How many times have you asked your child to apologize to someone else for his or her behavior?
“David, please tell Sarah that you are sorry for hitting her.”
“Julie, please go and apologize to Emily for being mean.”
I’m sure that we could all think of a million examples of times that we’ve had to encourage our children to say “I’m sorry” for hurting someone else either physically or emotionally.
Yet, is the apology really effective? Does it work if we have to encourage it?
The Anatomy of an Effective Apology
According to Karen Cerulo, a professor of sociology at Rutgers University, a successful apology has three guiding principles.
- Don’t wait – Apologies are more effective if they happen right away. Don’t wait to have your child provide one.
- Apologize for your behavior, not for what people thought – In other words, saying that I’m sorry that you misunderstood me doesn’t really help. The apology should be for what was done, not what others might have thought about it.
- Don’t give context – No, seriously, it doesn’t matter to the other person what else was going on in your life.
Cerulo also encourages the apologizer to identify the victim at the start of the apology, express remorse, and then look to make some kind of restitution.
We also know that apologies are more powerful when there is a perceived loss on the part of the person apologizing. That loss might be financial but is more likely to be a commitment to a change in behavior.
An effective apology then is really complicated. Each step of Cerulo’s effective apology seems like an awfully complicated skill for a middle schooler, let alone a toddler.
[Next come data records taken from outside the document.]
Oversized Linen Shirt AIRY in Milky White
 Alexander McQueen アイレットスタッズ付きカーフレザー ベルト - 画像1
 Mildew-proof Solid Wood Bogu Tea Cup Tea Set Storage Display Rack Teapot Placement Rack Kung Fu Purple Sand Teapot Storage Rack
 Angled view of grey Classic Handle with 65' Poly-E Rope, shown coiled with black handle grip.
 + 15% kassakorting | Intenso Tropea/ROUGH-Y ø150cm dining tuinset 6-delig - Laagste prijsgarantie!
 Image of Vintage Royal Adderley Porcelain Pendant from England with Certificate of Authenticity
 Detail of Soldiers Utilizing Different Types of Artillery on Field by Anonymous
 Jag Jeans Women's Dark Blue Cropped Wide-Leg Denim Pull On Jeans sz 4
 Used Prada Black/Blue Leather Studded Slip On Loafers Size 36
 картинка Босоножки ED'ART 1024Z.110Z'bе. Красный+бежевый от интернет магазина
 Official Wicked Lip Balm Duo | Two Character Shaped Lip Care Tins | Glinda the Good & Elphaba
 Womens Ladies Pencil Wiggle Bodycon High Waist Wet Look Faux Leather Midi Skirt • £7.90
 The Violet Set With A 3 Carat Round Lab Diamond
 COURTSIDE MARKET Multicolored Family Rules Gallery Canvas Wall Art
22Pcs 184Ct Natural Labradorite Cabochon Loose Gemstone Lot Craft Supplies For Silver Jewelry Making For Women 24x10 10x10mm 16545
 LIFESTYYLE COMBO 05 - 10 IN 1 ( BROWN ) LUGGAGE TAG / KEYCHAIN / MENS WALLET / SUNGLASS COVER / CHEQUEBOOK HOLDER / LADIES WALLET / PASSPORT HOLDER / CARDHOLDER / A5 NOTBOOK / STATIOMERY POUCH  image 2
So what do we do help our kids learn to apologize?
Getting Our Kids to Apologize
Apologies seem to require a great deal of empathy and understanding of the impact of our behavior on another person. And empathy is definitely something that we want to build on and encourage in our children, but it doesn’t happen naturally. Here are some ideas to help you build your child’s apology skills:
Bring Yourself to Eye Level
Our size can be a big disadvantage when we are working on getting a child to apologize. Shrinking yourself down to their eye level helps you connect with them and provides some comfort in an uncomfortable situation. Don’t forget to use a calm, quiet voice – your tone and volume can help deal with the potential embarrassment.
Identify the Emotion
Empathy requires understanding how the other person feels. Some kids may need coaching to see facial expressions and body language that indicate sadness or fear. Help your child find the words to understand what the other child is feeling. You can prime your child for this by building up their emotional vocabulary (insert link).
Review What Happened
Go back over the events with an emphasis on connecting the behaviors to the feelings that you just uncovered. The key here is to show cause and effect between behavior and emotions.
Put the Shoe on the Other Foot
Once the action is connected to the feeling, you need them to think about if they would be ok experiencing that behavior and its connected feeling. “How would you feel if they took the truck? Would you be upset?” This connection can help the better build the sense of empathy that we want to have in place.
Give Them Space to Say Something
Rather than putting words in their mouth, give them the opportunity to say something that they feel and mean. For kids who have developed the skill to appropriately apologize, they will when given the opportunity. For others, you can encourage them to check on how the other child is feeling and ask if they can help them somehow. You can also share that when people are mean or hurt another person, they say I’m sorry to let the other person feel better and to share that they won’t do it again.” This coaching can help them put the apology into their own words which is much more effective than you dictating the apology.
Accentuate the Positive
Don’t forget to spend time catching your child doing good. “I like how you are using your words; Good job sharing your toys.” You want to emphasize the prosocial behavior and provide attention to encourage it to happen more often.
Just because we are adults doesn’t mean that we aren’t also obligated to apologize. When you do this in front of your children, they learn that this is acceptable and appropriate behavior for everyone. You can even use a template for an apology that calls out the processing that you are doing with your child:
I’m sorry for (whatever the behavior was)
This is wrong because (how did I hurt your feelings).
In the future, I will (show restitution and remorse)
Put each of these steps together and you will start to feel less like an apology enforcer and more like an empathy encourager.